Aim of the task → Please return exactly the lines from the beginning of the listing up to and including the line with "Deck of sailing", with no pictures.

Supplied material →
——

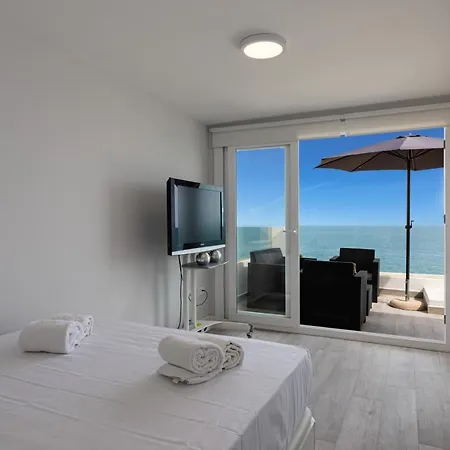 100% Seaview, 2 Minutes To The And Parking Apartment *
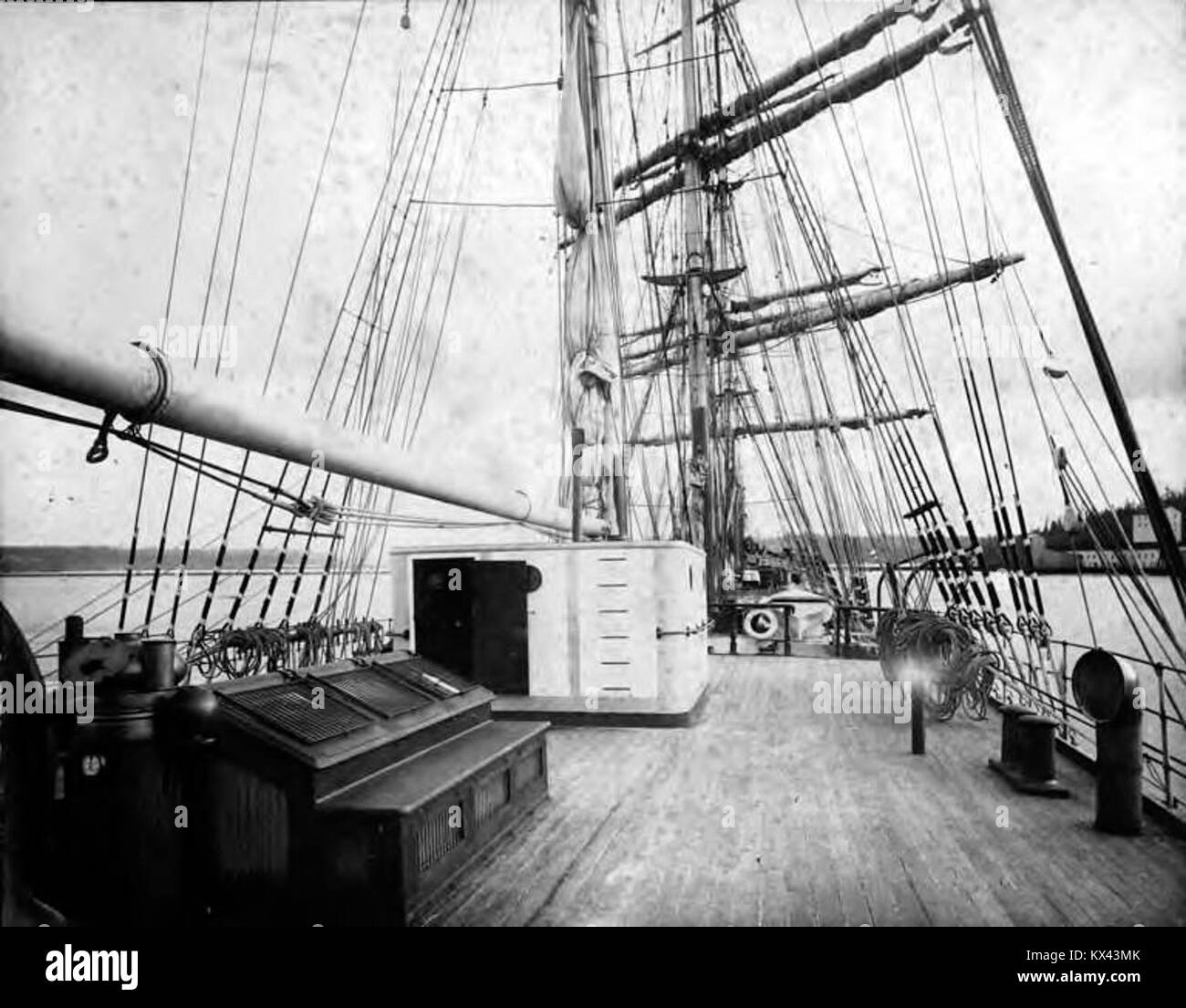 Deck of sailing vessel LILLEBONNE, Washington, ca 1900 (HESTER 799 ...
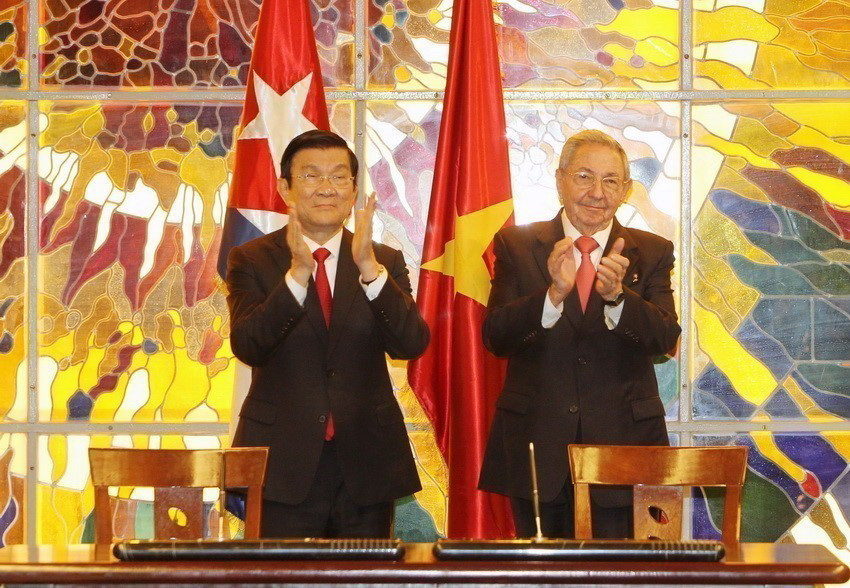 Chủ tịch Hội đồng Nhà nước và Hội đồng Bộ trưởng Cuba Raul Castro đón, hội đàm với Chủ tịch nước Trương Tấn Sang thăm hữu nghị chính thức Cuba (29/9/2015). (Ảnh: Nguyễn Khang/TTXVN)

——

Solution to this exercise →
 100% Seaview, 2 Minutes To The And Parking Apartment *
 Deck of sailing vessel LILLEBONNE, Washington, ca 1900 (HESTER 799 ...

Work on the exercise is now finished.